** Records provided follows **

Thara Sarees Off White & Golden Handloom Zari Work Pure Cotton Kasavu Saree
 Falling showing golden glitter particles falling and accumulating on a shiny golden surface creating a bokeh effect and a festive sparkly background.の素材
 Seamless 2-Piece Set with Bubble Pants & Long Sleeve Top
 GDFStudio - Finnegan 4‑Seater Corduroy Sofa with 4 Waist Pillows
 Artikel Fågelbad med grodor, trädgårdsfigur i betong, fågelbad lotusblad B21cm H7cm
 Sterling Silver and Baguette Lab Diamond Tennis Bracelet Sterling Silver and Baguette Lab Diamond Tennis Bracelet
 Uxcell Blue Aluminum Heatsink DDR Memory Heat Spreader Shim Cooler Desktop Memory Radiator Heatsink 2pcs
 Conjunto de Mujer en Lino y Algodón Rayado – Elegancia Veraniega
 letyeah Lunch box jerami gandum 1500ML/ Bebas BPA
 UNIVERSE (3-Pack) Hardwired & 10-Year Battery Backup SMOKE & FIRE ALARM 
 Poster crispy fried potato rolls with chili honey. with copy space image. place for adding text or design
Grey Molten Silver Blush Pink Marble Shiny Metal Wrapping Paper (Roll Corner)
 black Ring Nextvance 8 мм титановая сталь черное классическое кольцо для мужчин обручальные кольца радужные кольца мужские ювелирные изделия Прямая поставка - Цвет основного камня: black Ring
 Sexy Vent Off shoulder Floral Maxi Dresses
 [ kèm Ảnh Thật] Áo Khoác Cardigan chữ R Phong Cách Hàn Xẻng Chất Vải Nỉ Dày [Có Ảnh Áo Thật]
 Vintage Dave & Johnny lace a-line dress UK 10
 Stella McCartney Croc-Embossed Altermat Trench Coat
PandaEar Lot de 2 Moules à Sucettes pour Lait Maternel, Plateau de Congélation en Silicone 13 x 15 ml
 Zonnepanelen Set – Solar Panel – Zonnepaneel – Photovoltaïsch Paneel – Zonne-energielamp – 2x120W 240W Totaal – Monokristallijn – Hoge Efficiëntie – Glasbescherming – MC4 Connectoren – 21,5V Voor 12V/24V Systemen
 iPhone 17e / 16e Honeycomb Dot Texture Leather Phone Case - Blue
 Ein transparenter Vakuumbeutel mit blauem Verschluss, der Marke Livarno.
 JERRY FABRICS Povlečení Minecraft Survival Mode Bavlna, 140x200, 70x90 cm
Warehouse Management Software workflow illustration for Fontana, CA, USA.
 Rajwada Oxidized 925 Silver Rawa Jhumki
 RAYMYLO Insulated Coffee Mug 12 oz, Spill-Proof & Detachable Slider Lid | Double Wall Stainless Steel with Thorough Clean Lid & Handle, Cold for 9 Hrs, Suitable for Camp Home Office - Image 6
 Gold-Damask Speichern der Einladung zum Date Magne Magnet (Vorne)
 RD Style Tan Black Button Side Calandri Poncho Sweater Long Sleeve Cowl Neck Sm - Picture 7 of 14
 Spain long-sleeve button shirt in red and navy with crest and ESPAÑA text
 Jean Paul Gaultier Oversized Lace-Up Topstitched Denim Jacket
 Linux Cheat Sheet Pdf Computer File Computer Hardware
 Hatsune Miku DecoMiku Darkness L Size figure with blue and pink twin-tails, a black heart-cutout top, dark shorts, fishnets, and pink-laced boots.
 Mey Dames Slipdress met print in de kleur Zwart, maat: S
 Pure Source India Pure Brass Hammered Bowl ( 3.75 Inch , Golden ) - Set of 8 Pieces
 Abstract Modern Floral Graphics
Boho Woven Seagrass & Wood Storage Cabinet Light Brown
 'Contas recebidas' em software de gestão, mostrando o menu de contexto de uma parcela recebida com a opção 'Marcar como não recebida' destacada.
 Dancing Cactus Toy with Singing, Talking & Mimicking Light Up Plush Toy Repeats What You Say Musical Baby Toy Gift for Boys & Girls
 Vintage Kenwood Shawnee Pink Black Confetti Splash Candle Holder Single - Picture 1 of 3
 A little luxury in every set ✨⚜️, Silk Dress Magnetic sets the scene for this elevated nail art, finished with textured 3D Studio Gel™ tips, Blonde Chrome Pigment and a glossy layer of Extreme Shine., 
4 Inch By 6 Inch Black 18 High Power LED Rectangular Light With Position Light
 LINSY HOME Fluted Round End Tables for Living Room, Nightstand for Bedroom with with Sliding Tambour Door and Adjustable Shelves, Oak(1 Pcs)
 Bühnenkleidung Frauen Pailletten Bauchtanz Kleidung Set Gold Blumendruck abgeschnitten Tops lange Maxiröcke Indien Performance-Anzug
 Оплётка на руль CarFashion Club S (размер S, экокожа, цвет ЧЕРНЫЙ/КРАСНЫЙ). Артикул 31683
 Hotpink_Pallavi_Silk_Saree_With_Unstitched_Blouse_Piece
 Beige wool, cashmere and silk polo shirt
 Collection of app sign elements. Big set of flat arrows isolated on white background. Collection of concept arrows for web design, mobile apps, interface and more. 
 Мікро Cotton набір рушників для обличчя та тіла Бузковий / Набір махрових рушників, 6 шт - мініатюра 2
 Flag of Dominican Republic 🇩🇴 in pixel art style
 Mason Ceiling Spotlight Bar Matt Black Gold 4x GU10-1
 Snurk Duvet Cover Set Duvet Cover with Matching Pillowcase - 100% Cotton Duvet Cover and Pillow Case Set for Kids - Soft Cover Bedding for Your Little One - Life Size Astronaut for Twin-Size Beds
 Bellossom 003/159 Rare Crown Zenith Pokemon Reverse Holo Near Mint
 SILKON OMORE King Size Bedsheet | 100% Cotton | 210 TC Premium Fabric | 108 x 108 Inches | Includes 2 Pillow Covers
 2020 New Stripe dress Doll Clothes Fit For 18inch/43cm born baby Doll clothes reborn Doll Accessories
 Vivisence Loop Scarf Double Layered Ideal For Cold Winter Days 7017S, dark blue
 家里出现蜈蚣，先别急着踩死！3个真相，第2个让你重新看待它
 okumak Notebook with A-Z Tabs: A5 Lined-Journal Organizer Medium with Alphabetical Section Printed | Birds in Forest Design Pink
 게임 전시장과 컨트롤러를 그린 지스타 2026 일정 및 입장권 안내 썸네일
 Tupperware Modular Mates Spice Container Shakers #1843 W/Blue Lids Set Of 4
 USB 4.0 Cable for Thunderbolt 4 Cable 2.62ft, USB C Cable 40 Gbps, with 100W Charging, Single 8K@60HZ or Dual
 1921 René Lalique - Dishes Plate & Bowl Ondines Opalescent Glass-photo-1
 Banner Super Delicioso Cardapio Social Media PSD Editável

** End of Records provided **

- **Task goal**: Please write out, exactly as they appear, the lines from the line containing "SILKON OMORE King" through the last line of the records above, both included.

- **Task answer**:
 SILKON OMORE King Size Bedsheet | 100% Cotton | 210 TC Premium Fabric | 108 x 108 Inches | Includes 2 Pillow Covers
 2020 New Stripe dress Doll Clothes Fit For 18inch/43cm born baby Doll clothes reborn Doll Accessories
 Vivisence Loop Scarf Double Layered Ideal For Cold Winter Days 7017S, dark blue
 家里出现蜈蚣，先别急着踩死！3个真相，第2个让你重新看待它
 okumak Notebook with A-Z Tabs: A5 Lined-Journal Organizer Medium with Alphabetical Section Printed | Birds in Forest Design Pink
 게임 전시장과 컨트롤러를 그린 지스타 2026 일정 및 입장권 안내 썸네일
 Tupperware Modular Mates Spice Container Shakers #1843 W/Blue Lids Set Of 4
 USB 4.0 Cable for Thunderbolt 4 Cable 2.62ft, USB C Cable 40 Gbps, with 100W Charging, Single 8K@60HZ or Dual
 1921 René Lalique - Dishes Plate & Bowl Ondines Opalescent Glass-photo-1
 Banner Super Delicioso Cardapio Social Media PSD Editável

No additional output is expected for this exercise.